Let $p_1$ and $p_2$ both see $a$ and $b$. I claim that every point along the shortest path $\sigma$ connecting $a$ to $b$ inside $P$ is visible to both $p_1$ and $p_2$. With this claim established, we know the intersection of the visibility polygons is connected.
Start turning/sweeping the rays $p_1 a$ and $p_2 a$ counterclockwise
along $\sigma$ toward $b$, simultaneously tracking the
same point $x$ along $\sigma$. If both rays remain unobstructed throughout the
sweep, we are finished.
So suppose otherwise. Then one or the other ray, say $p_2 a$, must encounter
an obstruction, a reflex vertex $v$ hitting $p_2 a$, blocking the visibility
to point $x \in \sigma$.
Then we have some exterior points of the polygon enclosed within the closed path
$p_2 x \cup \sigma(x,b) \cup b p_2$ of
points interior to $P$, contradicting the simplicity of the polygon,
i.e., the polygon has a hole:
The answer is yes. I do not see a clean proof. Here is a proof by case-checking. Consider two points $q$ and $q'$ that are visible from both $p_1$ and $p_2$. There are several cases:
1) Suppose four points $p_1$, $p_2$, $q$, $q'$ are in convex position, and points $p_1$, $p_2$ are opposite vertices of the convex hull.
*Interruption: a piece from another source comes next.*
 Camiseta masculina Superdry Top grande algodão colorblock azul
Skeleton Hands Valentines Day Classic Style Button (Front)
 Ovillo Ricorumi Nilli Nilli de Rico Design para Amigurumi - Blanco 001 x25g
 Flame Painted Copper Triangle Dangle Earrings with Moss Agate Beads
Then convex hull is completely inside the polygon, and in particular in the intersection of two visibility polygons. Thus, $q$ and $q'$ are in the same connected component.
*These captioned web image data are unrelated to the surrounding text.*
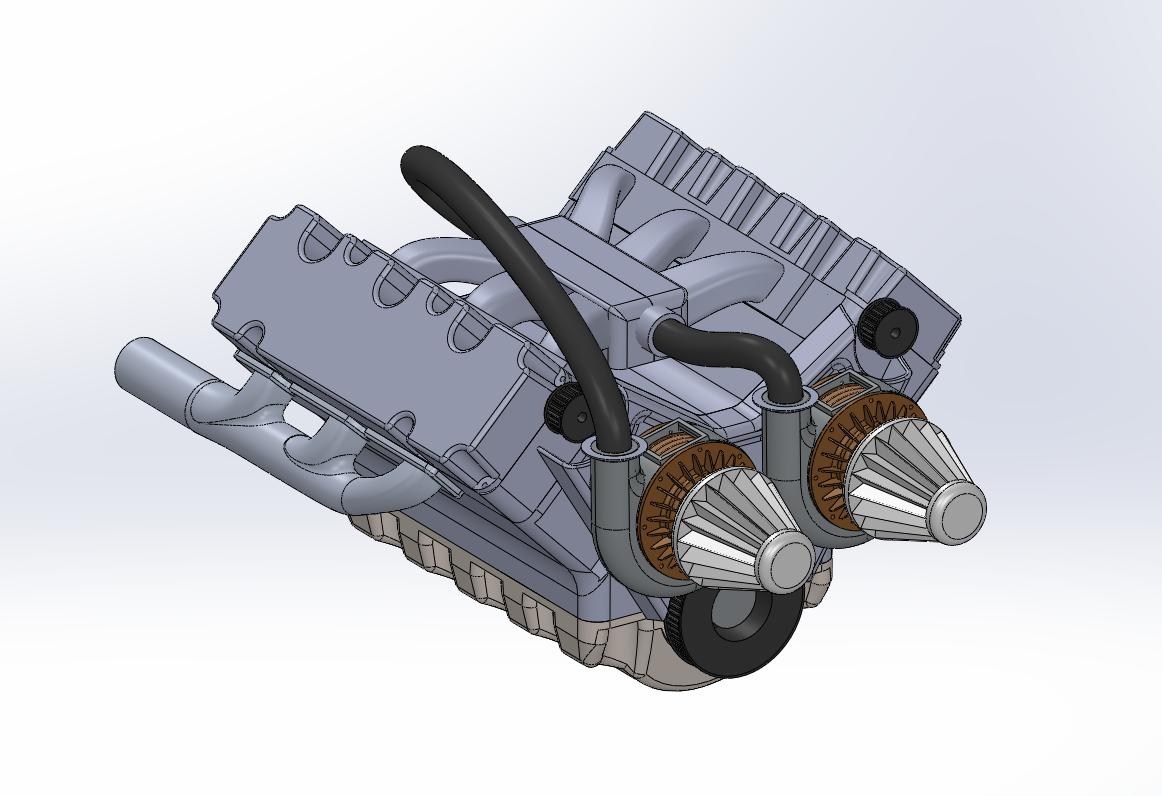 V6 twin-turbo engine, transparent CAD view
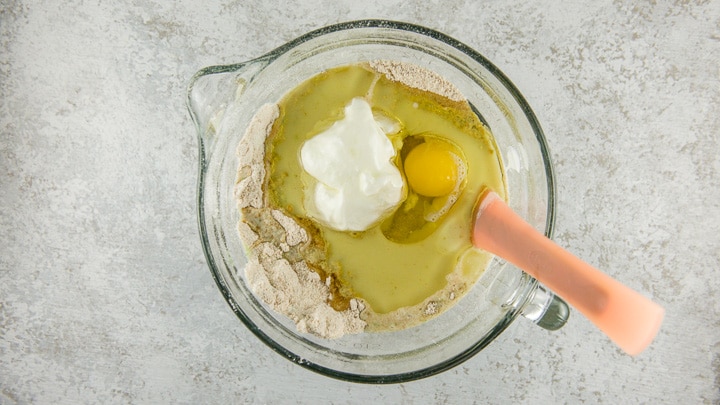 All the wet ingredients in the bowl with the dry ingredients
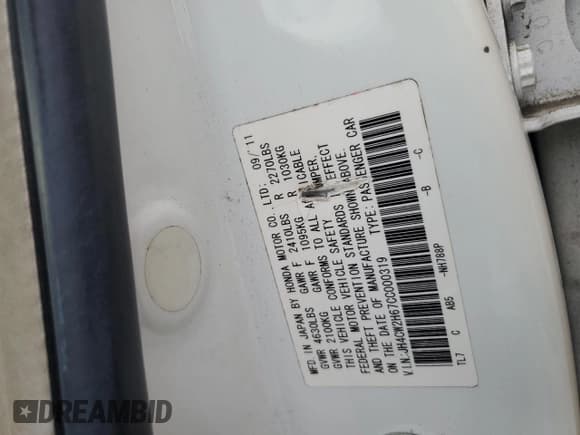 ✅ 2012 Acura TSX Technology • VIN: JH4CW2H67CC000319 • Lot: 61131525. Listed on Copart with 152,921 mi. Free auction sales archive from the USA and detailed vehicle history report at DreamBid. Image 12.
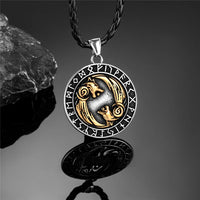 Wolves of Odin Geri and Freki Stainless Steel Necklace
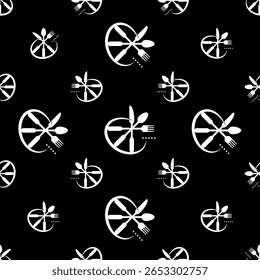 Fork Knife Spoon Icon Seamless Pattern, Utensil Icon Vector Art Illustration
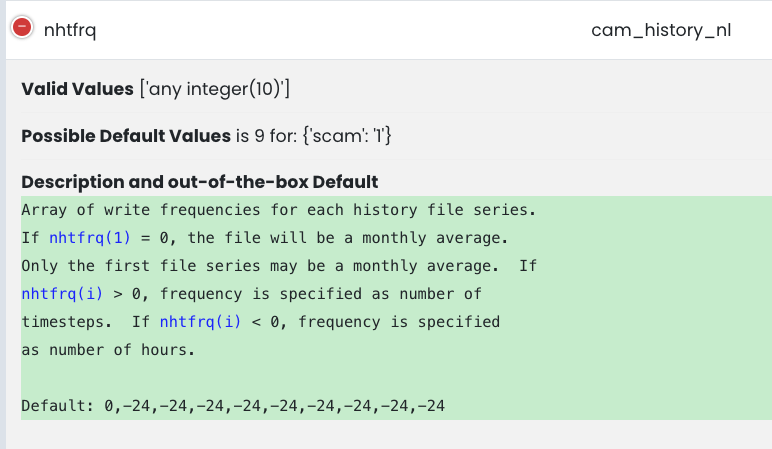 Attribute of a namelist variable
2) Four points $p_1$, $p_2$, $q$, $q'$ are in convex position, and points $p_1$, $p_2$ are adjacent vertices of the convex hull. Without loss, assume that the order is $p_1$, $p_2$, $q$, $q'$. Let $r$ be the intersection point of line segments $p_1q$ and $p_2q'$. Then the line segments $qr$ and $q'r$ are contained in the intersection of visibility regions.
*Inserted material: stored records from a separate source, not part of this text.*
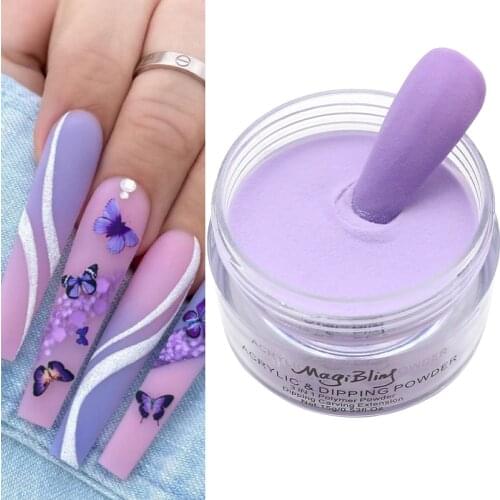 Acrylic Powder Nail Extend Purple Color Acrylic Nail Powders Gel Dust Nails Art Design Carved Pattern Dust Manicure Accessories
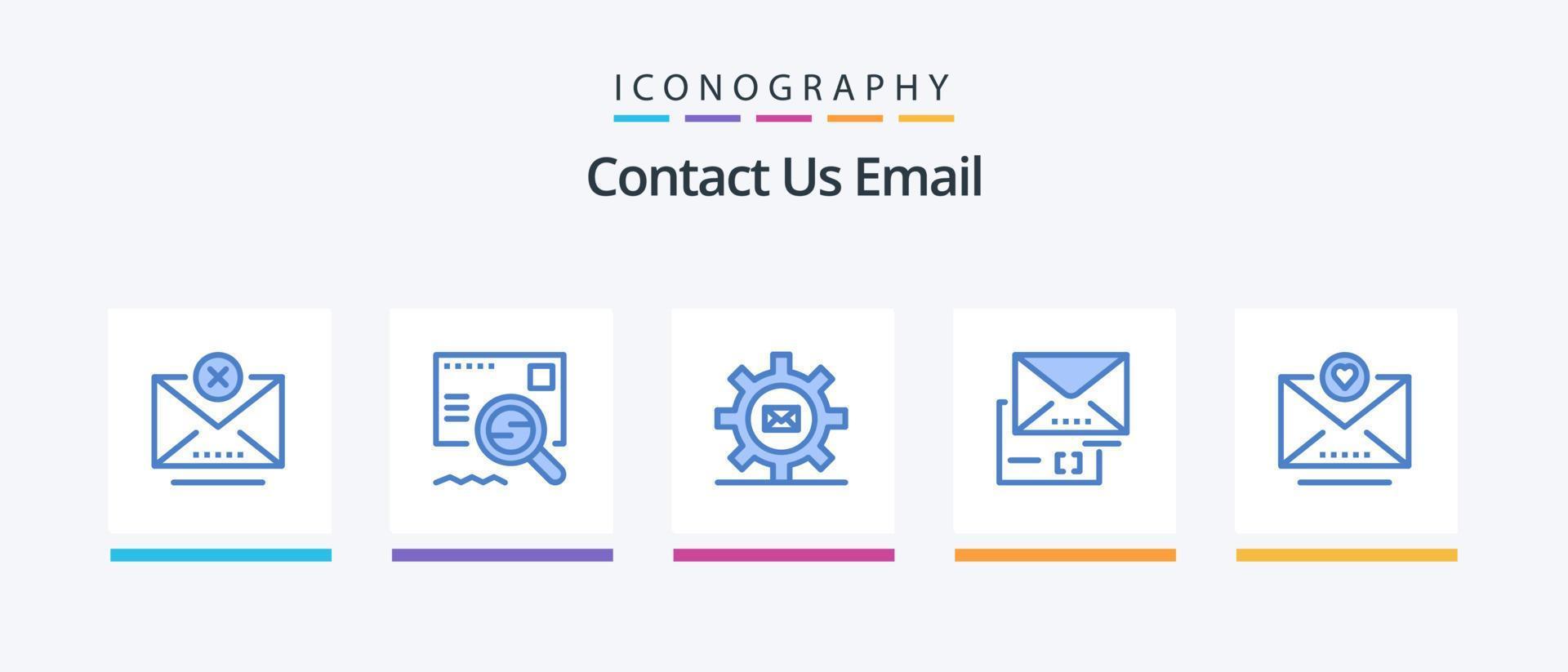 e-post blå 5 ikon packa Inklusive e-post. e-post. miljö. dokumentera. meddelande. kreativ ikoner design vektor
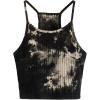 imageWomens Ribbed Knit Tie Dye Camisole Top Sleeveless Slim Fit Crop Tops Y2K Cami Streetwear Women ShirtsBlack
3) Point $q$ is in the convex hull of $p_1$, $p_2$ and $q'$. Then the nonconvex $4$-gon $p_1qp_2q'$ is in the intersection of visibility polygons, and line segment $qq'$ is completely contained in it.
4) Point $p_1$ is in the convex hull of $p_2$, $q$ and $q'$. In that case the line segments $qp_1$ and $q'p_1$ are in both visibility polygons. Again, $q$ and $q'$ are connected.